We have 41.1% of mortgaged households (1.5 million) in financial flow stress, despite the lower interest rate environment. While many have paid down debt, other have borrowed more. For example, the average new first time buyer loan is 15-18% larger than a year back- so much for the maintenance of lending standards!
We discussed this in detail in our live show, last night.
Across the states, the patterns are familiar, with Tasmania still reporting the highest proportion of households in mortgage stress thanks to low wages, and rising home prices. Victoria continues to be impacted by the longer lock-downs. Rental stress is being exacerbated by the end of tenant protections, so expect to see more evictions, and rent rises in the weeks ahead.
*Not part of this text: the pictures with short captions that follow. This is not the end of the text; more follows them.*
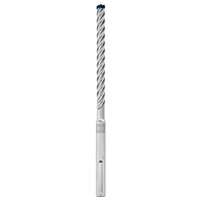 Bosch EXPERT SDS MAX 8X Concrete 4 Cutter Carbide Head SDS Max Drill Bit 16mm 340mm Pack of 5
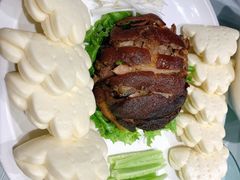 -玉林烤鸭店(黄村康庄店)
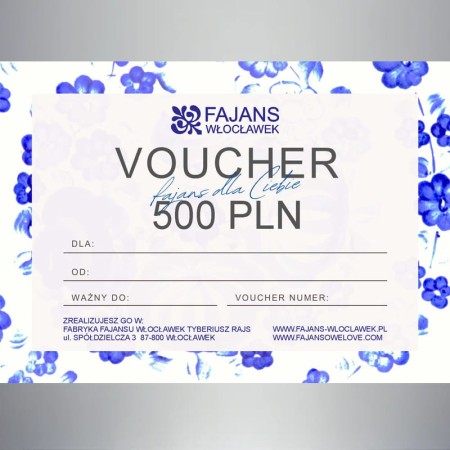 VOUCHER-500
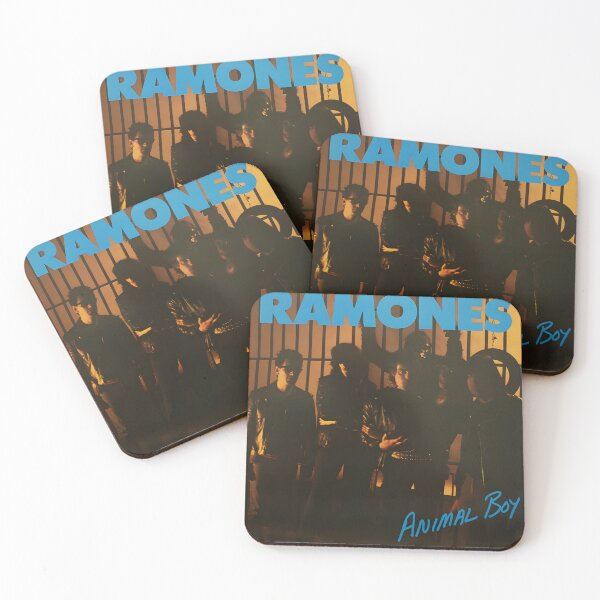 Item preview, ramones  designed and sold by Craig J  Cohen.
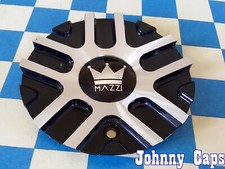 Mazzi wheels metal for sale  Orange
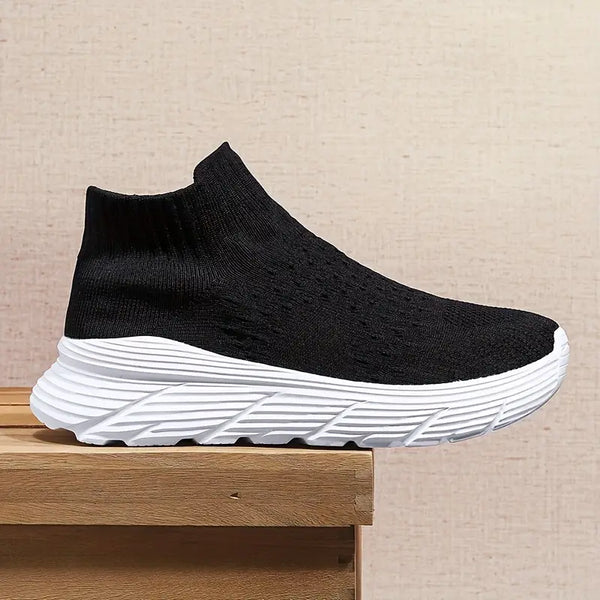 Men’s Chunky Streetwear Sneakers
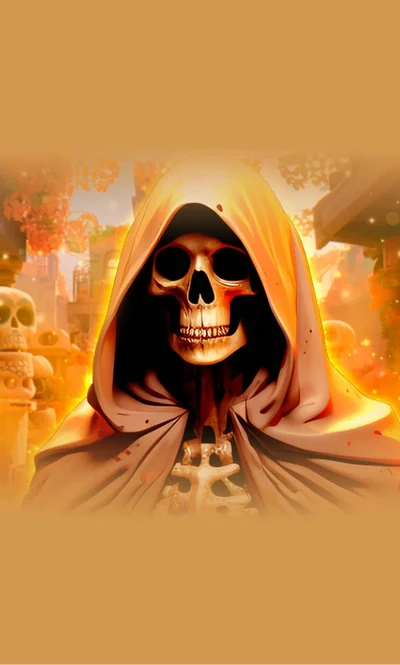 Dia de Los Muertos 2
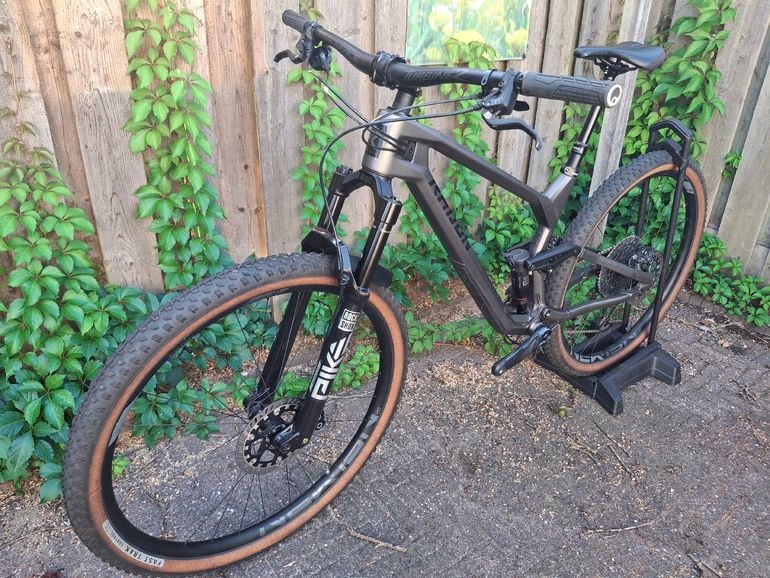 Brugt Radon SKEEN TRAIL 10.0 2023 2023 Mountainbike — billede 3 af 24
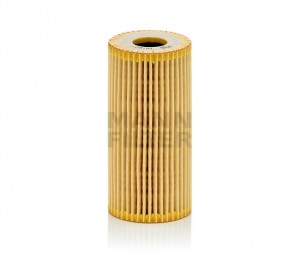 NISSAN QASHQAI/ OPEL MOVANO B HU6011Z MANN FILTER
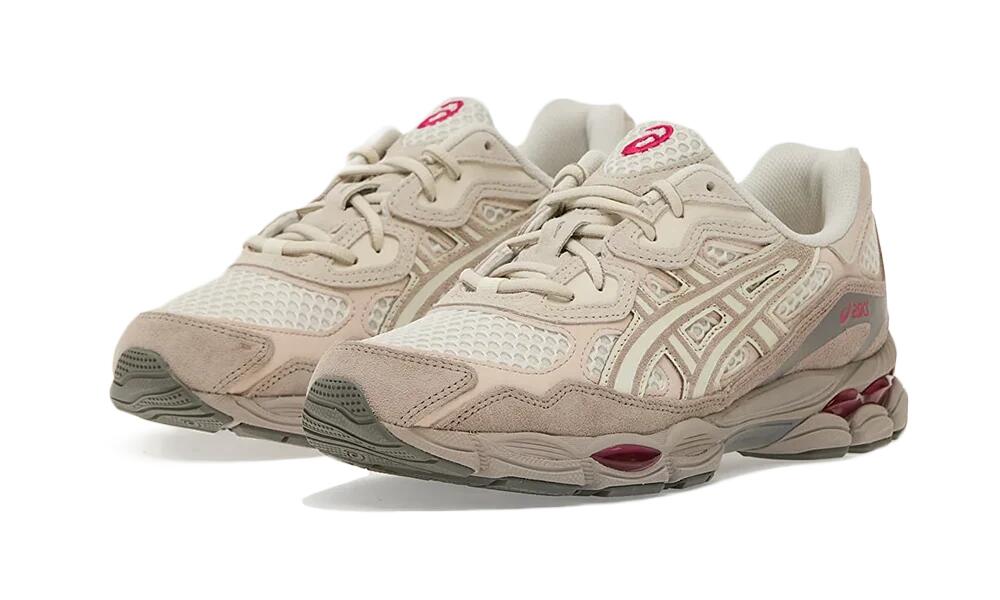 Gel-NYC Cream Moonrock - Taille : 37 EU 2/3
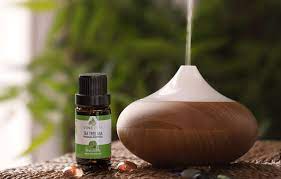 best essential oils for a humidifier
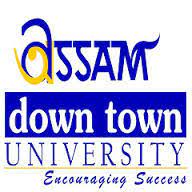 Assam Down Town University ,India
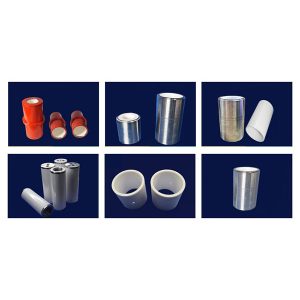 Seramik silindir gömleklerinin CNC ile işlenmesi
Property investors in NSW are still having rental flow issues (due to high vacancies and lower rents). Overall financial stress – the aggregated measure across all households is highest in NSW, ACT and VIC.
Across our household segments young growing families, and those on the urban fringe in high growth corridors are being impacted, although across our segments and stress categories, it remains a real patchwork.
The top post codes for mortgage stress include Narre Warren and Fountain Gate, 3805 in Victoria, and Liverpool 2170 in NSW.
The top rental stress post codes include Liverpool 2170, NSW, Mount Druitt and Lethbridge Park 2770, NSW and Westmead 2145 NSW.
Investor stress is highest is St Kilda 3182, Westmead 2145 and Surfers Paradise 4217 in QLD.
Cumulative financial stress is highest in Liverpool 2170, Mount Druitt 2145, and Westmead 2145.
The mapping of mortgage stress to post codes reveals the potential hot spots, which include many of the high growth corridors, where vast estates continue to be built and sold to people who extend themselves to buy them. Many are first time buyers. Given flat wages, and higher unemployment post JobKeeper, this is one to watch.